I'm raising this with Brakeman separately. I'm raising this here because I thought I could set the path to something else (which I already know how to do with my knowledge of Bundler) and was sad when I found https://github.com/ruby/setup-ruby/blob/359bebbc29cbe6c87da6bc9ea3bc930432750108/bundler.js#L122
I just wanted to set it to gems.
Brakeman which should have a way to force scanning under vendor/bundle when that's desired.
Brakeman already has an option to scan vendor (with --no-skip-vendor), it's just not very helpful since it scans and warns on all the gems you're using. I'm raising this issue with Brakeman separately. I raised this issue because I feel like it would be a small fix, easy to reason about, and would let people reuse their knowledge of Bundler.
I think it would be OK to use the value of BUNDLE_PATH if set to a relative path. It should be an error if it's an absolute path though, as that makes it super messy to clean up or reason about. The bundler path should then be part of the cache key. PR welcome.
Has anyone noticed occasional problem with the conflict between the app installed gems and defaults from Ruby when using bundler-cache: true?

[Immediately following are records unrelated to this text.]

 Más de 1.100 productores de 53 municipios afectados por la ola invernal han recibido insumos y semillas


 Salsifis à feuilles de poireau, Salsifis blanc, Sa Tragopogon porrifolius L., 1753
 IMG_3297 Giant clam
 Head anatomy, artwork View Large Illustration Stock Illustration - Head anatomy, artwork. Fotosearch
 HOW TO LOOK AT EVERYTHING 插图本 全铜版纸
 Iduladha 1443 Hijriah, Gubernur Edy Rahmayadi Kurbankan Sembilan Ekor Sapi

When turned off, this disappears (requires adding bundle install somewhere).
/opt/hostedtoolcache/Ruby/3.0.3/x64/lib/ruby/gems/3.0.0/gems/bundler-2.3.6/lib/bundler/runtime.rb:309:in
`check_for_activated_spec!':
You have already activated digest 3.0.0, but your Gemfile requires digest 3.1.0.

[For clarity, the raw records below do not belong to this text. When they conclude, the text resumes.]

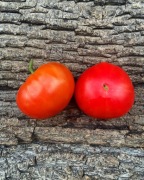 CASPIAN PINK  Pomidor Kolekcjonerski 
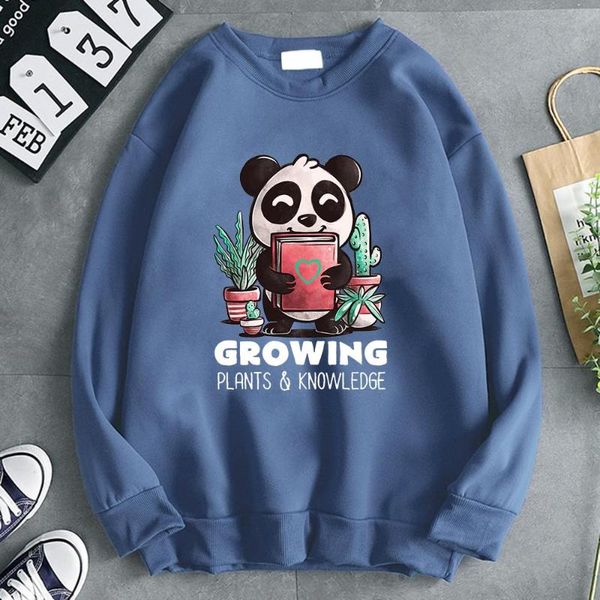 men's hoodies & sweatshirts growing panda hoodie kawaii cartoon harajuku long sleeve fashion brand men street korean mens clothes, Black
men's hoodies & sweatshirts growing panda hoodie kawaii cartoon harajuku long sleeve fashion brand men street korean mens clothes, Black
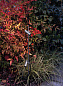 Уличный светильник Lombardo CNC 35 2.0 Swing Garden 100 — фото 4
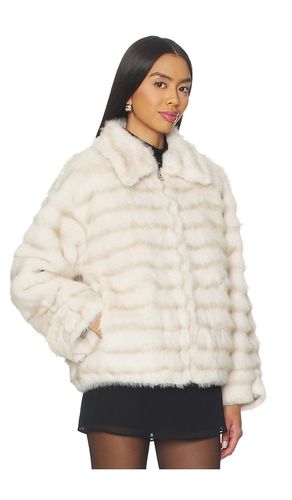 MANTEAU CAIRO en . Taille M. Also en L, XL - HEARTLOOM - Modalova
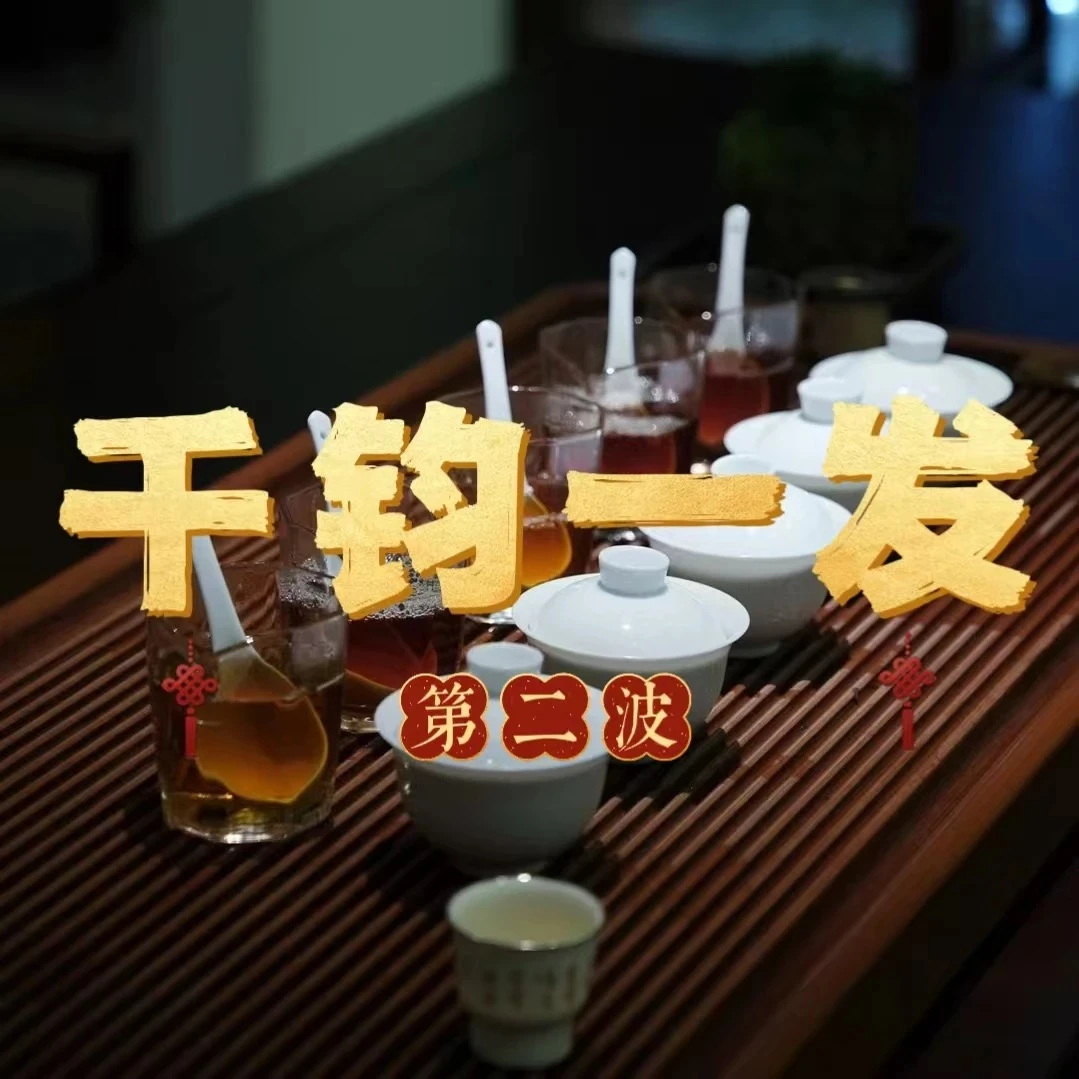 双十一限定第贰波【千钧一发】 武夷岩茶*惊喜组合不支持试喝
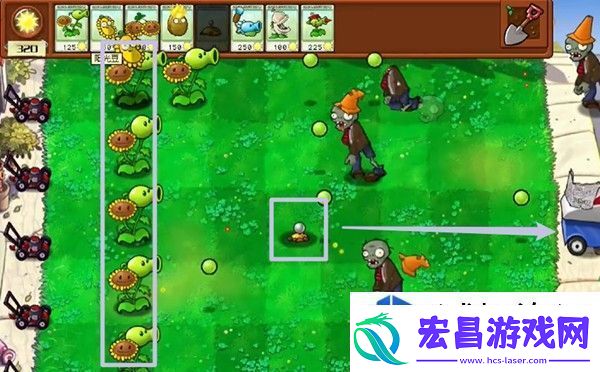 植物大战僵尸杂交版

Since digest is a default gem, you can either remove your dependency on it or try updating to a newer version of bundler that supports digest as a default gem.
(Gem::LoadError)
same for io-wait and others (if you downgrade one gem to version matching the one from Ruby, it will start complaining about others from the list.
@januszm That seems completely unrelated, please file a separate issue if still a problem.
Gems are never shared between Ruby versions with bundler-cache: true, so it sounds like you're missing a bundle exec or so.
@januszm That seems completely unrelated
Gotcha, it was actually caused by the "spring" preloader, after the last update, I had to remove it from the project now because it caused the problem as above when used with bundler-cache: true in GH Action
@dgholz I stumbled back around to this, but brakeman has been fixed to handle not removing explicitly referenced paths, which I think solves your problem with vendor being excluded.
I'll tentatively close this, it's unclear if worth the extra complexity and length in the cache key.
vendor/bundle seems pretty standard.